[[ Supplied records open ]]

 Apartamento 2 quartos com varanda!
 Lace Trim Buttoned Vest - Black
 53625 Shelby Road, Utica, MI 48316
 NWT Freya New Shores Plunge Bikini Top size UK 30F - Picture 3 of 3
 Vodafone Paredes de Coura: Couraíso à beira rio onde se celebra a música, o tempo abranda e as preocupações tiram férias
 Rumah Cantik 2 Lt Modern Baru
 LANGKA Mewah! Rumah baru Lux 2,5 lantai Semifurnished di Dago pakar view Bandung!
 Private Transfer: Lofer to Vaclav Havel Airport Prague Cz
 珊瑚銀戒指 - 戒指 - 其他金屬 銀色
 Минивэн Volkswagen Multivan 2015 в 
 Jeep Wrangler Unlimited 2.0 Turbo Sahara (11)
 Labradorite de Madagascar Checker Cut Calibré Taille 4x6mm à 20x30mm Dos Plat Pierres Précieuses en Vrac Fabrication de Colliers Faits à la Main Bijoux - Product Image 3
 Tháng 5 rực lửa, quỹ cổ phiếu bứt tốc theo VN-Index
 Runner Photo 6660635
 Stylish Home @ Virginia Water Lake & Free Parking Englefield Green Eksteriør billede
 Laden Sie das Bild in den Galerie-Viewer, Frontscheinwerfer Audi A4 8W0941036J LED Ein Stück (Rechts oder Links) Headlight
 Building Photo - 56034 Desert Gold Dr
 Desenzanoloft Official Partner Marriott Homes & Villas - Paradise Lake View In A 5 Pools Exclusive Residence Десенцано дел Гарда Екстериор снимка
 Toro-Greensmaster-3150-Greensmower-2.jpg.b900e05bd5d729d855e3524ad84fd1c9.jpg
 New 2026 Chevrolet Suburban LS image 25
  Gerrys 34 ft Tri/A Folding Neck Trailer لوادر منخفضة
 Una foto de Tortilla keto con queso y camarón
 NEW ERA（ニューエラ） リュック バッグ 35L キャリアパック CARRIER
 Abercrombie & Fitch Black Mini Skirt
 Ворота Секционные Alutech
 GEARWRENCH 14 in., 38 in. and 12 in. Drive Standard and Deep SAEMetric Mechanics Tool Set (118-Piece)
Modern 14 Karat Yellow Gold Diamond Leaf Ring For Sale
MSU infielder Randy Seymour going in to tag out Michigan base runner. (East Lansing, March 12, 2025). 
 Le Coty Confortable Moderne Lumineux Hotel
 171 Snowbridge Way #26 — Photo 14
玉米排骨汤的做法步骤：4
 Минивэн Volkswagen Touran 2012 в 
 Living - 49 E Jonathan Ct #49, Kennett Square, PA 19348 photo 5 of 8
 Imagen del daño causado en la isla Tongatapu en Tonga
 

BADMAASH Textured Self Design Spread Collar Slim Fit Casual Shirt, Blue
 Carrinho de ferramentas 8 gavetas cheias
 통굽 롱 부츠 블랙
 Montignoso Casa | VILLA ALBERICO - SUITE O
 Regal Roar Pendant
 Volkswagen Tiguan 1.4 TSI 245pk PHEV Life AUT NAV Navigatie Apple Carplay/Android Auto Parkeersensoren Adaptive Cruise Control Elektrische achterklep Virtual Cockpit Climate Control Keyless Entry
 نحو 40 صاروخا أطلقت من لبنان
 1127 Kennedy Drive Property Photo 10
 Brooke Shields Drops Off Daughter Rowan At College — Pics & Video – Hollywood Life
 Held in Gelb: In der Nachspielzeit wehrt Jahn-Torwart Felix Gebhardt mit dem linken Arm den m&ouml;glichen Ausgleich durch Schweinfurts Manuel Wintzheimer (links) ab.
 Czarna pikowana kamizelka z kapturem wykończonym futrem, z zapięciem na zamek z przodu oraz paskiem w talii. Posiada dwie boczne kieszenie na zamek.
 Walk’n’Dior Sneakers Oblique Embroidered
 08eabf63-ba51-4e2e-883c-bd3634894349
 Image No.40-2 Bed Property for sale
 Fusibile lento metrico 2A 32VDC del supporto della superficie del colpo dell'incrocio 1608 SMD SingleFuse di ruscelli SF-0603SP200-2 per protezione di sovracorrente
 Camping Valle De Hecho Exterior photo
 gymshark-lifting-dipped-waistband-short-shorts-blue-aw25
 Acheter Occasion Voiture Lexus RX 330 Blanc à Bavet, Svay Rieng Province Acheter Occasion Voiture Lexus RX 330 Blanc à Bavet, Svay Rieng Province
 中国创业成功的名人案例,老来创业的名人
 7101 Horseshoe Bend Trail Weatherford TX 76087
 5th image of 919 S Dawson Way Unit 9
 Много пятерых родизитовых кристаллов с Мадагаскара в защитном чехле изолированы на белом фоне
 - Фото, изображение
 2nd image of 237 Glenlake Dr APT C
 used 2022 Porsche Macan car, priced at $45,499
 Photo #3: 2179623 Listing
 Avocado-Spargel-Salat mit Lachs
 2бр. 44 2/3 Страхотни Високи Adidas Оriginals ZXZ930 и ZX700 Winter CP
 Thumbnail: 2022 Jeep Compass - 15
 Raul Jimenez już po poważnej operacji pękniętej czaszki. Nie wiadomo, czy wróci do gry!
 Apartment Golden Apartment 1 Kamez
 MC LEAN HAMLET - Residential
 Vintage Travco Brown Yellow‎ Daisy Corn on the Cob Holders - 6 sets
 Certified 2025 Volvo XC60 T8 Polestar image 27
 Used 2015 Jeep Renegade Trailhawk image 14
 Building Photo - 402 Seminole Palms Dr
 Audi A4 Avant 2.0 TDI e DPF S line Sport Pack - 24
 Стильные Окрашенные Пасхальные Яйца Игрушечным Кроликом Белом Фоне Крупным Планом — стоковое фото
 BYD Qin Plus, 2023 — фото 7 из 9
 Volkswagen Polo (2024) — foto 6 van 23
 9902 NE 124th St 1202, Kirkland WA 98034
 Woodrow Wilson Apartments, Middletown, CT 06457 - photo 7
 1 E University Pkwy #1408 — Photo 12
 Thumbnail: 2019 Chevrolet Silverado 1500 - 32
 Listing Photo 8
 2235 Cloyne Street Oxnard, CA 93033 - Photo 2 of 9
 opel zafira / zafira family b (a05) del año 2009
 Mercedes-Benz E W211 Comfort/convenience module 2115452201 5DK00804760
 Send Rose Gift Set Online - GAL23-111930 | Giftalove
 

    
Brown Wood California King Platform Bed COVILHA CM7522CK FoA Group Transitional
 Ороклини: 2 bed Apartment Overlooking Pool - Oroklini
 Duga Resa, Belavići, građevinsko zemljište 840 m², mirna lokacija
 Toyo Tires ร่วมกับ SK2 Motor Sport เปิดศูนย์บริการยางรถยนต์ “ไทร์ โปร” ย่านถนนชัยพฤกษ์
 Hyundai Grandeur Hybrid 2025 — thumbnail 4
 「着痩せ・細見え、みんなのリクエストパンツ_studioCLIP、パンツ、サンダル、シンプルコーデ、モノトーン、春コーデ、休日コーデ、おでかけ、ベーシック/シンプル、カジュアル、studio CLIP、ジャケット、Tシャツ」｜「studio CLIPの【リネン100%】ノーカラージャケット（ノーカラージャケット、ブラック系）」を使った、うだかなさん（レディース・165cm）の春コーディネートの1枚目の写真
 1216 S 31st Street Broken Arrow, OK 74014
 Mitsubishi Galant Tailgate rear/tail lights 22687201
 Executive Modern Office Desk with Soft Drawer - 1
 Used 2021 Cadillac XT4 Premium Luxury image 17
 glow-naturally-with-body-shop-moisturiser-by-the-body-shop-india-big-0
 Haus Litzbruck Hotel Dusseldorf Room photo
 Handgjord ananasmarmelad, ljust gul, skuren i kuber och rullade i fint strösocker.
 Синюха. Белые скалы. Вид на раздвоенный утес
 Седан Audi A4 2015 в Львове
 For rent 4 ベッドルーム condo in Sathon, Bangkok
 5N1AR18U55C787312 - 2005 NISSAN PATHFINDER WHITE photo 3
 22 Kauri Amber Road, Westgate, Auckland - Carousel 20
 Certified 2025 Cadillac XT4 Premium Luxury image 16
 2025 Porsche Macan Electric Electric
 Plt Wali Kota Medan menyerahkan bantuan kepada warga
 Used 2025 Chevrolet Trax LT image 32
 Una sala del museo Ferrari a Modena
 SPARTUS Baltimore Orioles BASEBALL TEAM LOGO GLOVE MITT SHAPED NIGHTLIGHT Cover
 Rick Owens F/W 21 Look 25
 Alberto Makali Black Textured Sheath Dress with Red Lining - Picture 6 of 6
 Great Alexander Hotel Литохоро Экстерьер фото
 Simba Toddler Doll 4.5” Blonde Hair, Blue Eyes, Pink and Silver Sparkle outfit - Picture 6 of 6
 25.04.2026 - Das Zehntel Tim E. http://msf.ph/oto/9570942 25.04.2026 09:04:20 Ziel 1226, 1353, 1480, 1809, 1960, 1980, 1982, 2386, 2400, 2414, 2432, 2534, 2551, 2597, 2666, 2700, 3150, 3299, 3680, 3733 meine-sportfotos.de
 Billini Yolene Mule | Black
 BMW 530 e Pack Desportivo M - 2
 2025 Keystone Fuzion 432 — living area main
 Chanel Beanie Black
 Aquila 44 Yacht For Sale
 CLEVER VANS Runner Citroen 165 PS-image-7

[[ Supplied records closed ]]

To do: Everything from the first line of the material through the line containing "Jeep Wrangler Unlimited" is to be printed exactly; lines after that are to be left out.

Reply:
 Apartamento 2 quartos com varanda!
 Lace Trim Buttoned Vest - Black
 53625 Shelby Road, Utica, MI 48316
 NWT Freya New Shores Plunge Bikini Top size UK 30F - Picture 3 of 3
 Vodafone Paredes de Coura: Couraíso à beira rio onde se celebra a música, o tempo abranda e as preocupações tiram férias
 Rumah Cantik 2 Lt Modern Baru
 LANGKA Mewah! Rumah baru Lux 2,5 lantai Semifurnished di Dago pakar view Bandung!
 Private Transfer: Lofer to Vaclav Havel Airport Prague Cz
 珊瑚銀戒指 - 戒指 - 其他金屬 銀色
 Минивэн Volkswagen Multivan 2015 в 
 Jeep Wrangler Unlimited 2.0 Turbo Sahara (11)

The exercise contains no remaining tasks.